[Opening Exercise materials section]

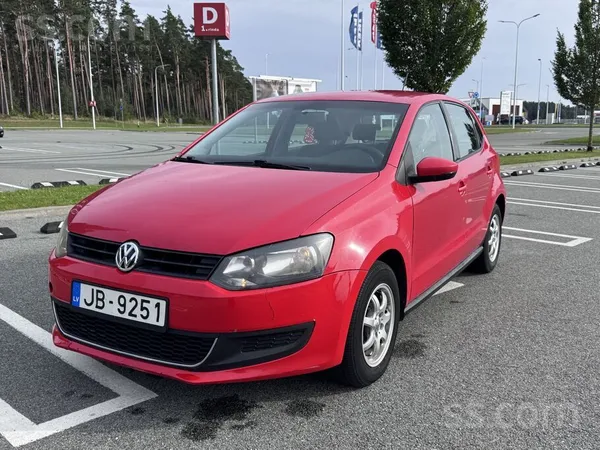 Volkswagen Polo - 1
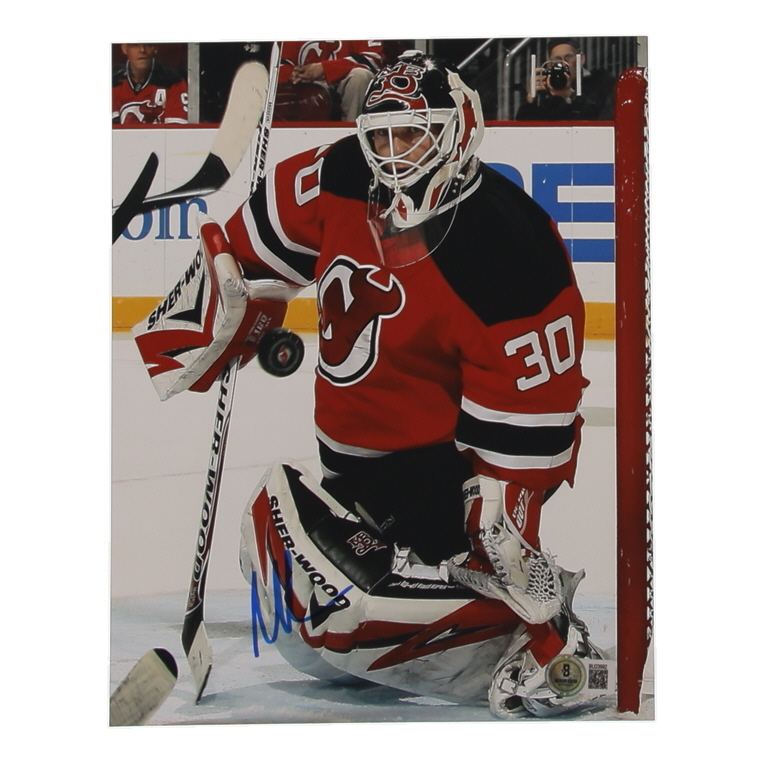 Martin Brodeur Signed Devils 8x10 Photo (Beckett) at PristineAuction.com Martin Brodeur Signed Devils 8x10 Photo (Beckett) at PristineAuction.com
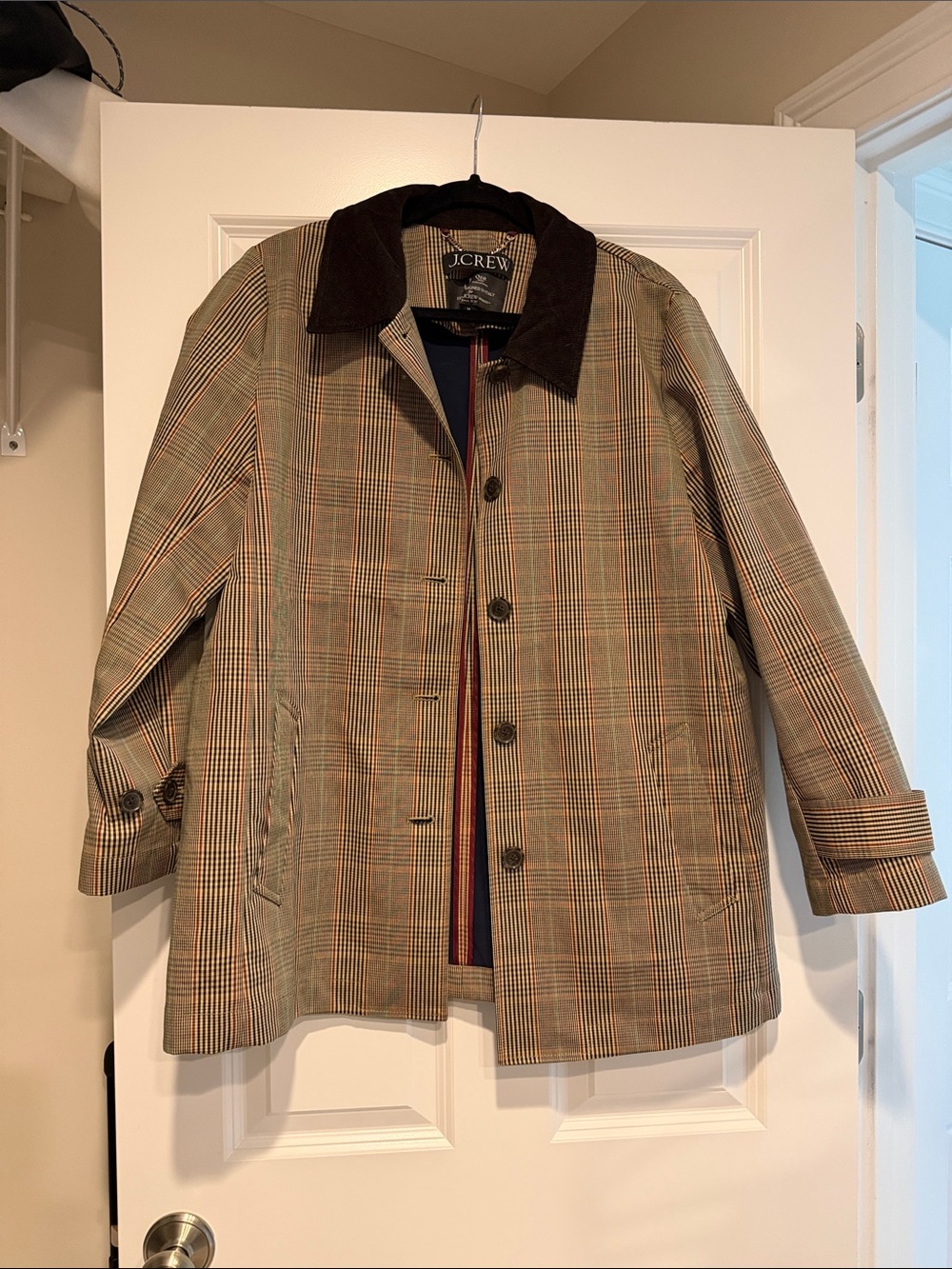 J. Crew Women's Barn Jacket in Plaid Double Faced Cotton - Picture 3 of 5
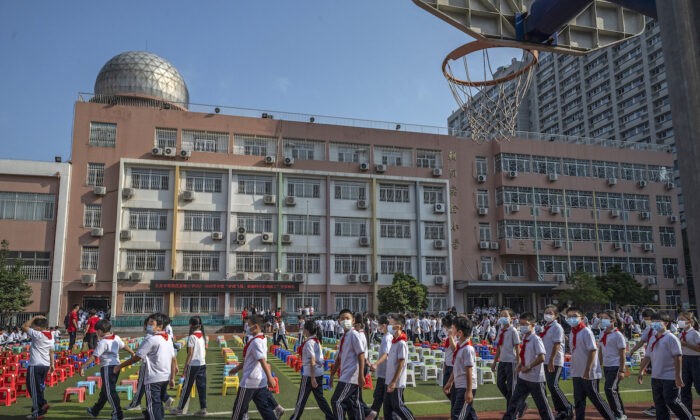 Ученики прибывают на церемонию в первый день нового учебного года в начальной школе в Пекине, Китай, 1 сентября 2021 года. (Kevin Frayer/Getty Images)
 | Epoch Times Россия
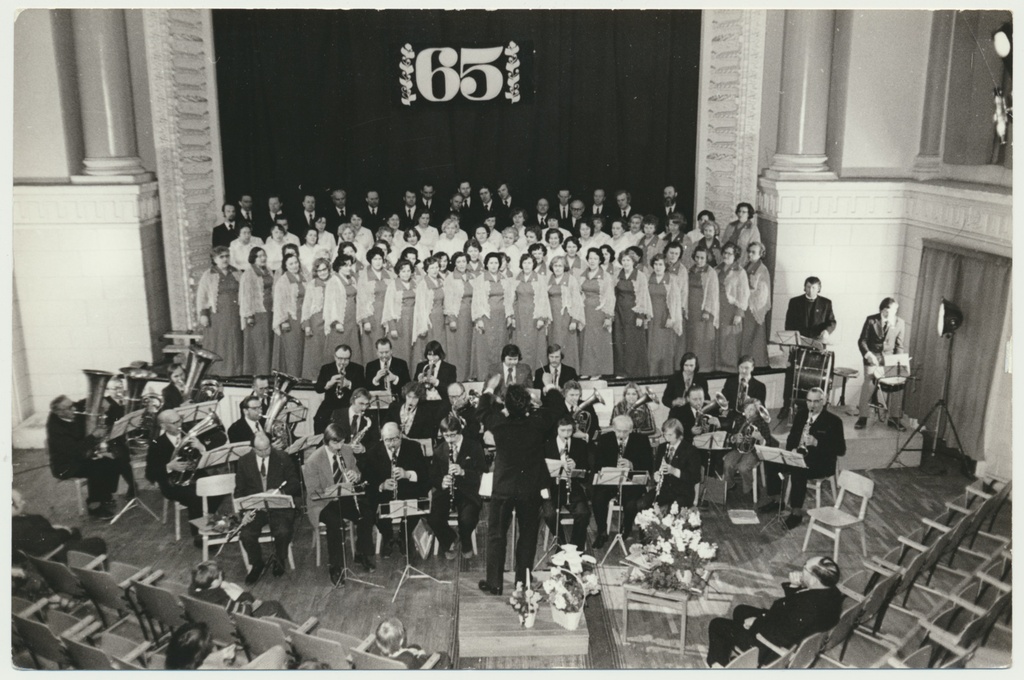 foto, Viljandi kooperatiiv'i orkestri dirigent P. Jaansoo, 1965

[Closing Exercise materials section]

- _Required action_: Write out the data above precisely. Pictures stay out.

- _Solved exercise_:
 Volkswagen Polo - 1
 Martin Brodeur Signed Devils 8x10 Photo (Beckett) at PristineAuction.com Martin Brodeur Signed Devils 8x10 Photo (Beckett) at PristineAuction.com
 J. Crew Women's Barn Jacket in Plaid Double Faced Cotton - Picture 3 of 5
 Ученики прибывают на церемонию в первый день нового учебного года в начальной школе в Пекине, Китай, 1 сентября 2021 года. (Kevin Frayer/Getty Images)
 | Epoch Times Россия
 foto, Viljandi kooperatiiv'i orkestri dirigent P. Jaansoo, 1965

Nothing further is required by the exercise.